== Aim of the exercise ==
Produce a word-for-word copy of the data that follows, excluding images.

(Source data)

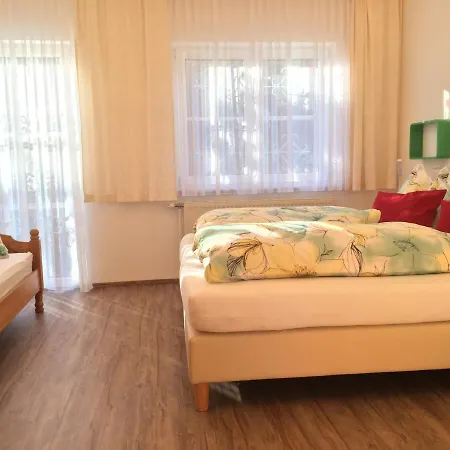 Koessl Apartman *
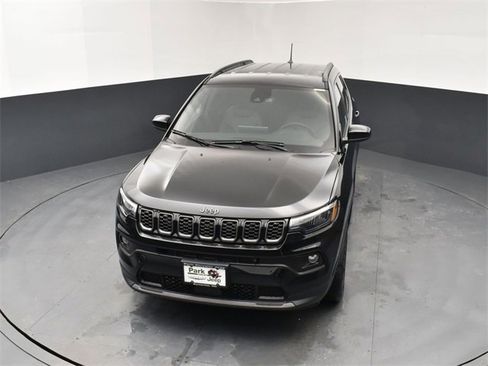 New 2026 Jeep Compass Latitude image 14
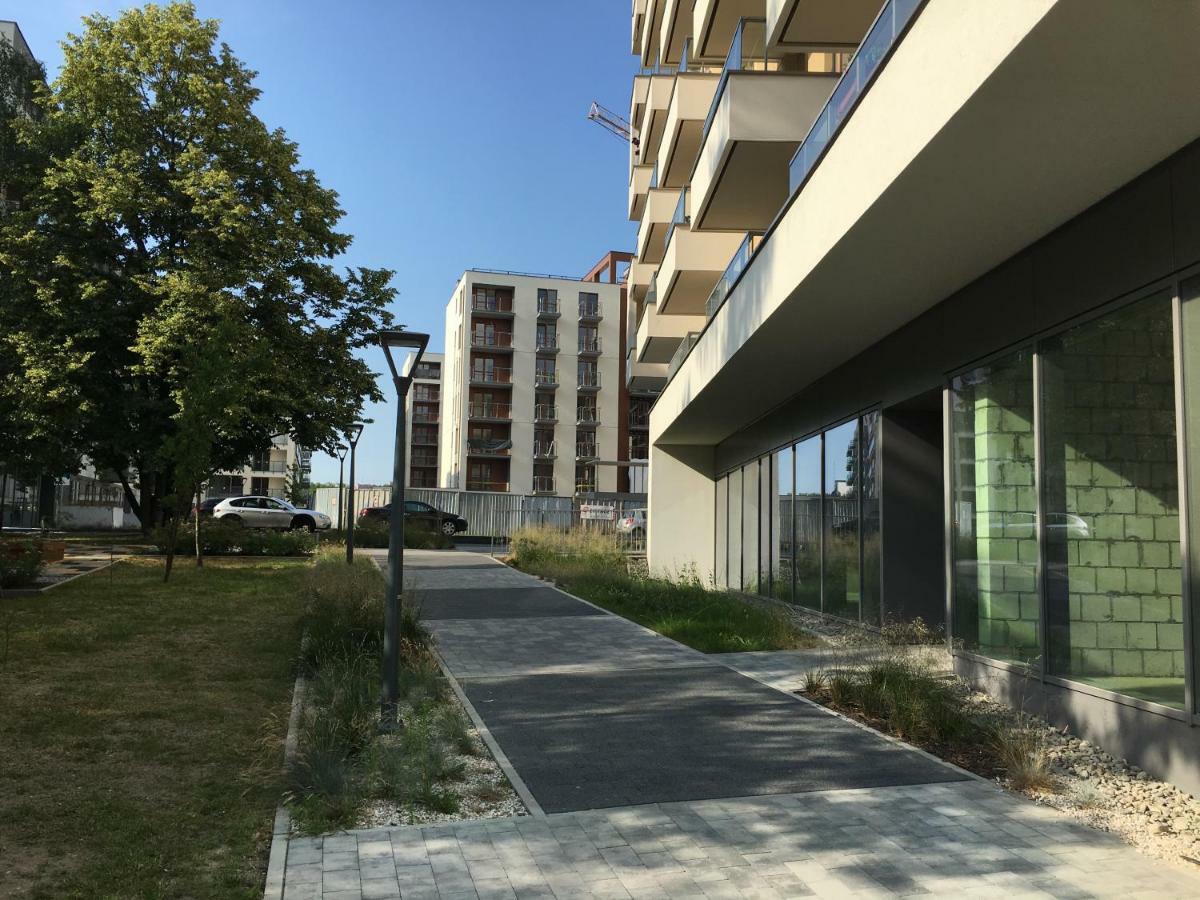 Shoq Studio Nice Apartment With Private Parking Cracovia Exterior foto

(End Source data)

== Your solution ==
 Koessl Apartman *
 New 2026 Jeep Compass Latitude image 14
 Shoq Studio Nice Apartment With Private Parking Cracovia Exterior foto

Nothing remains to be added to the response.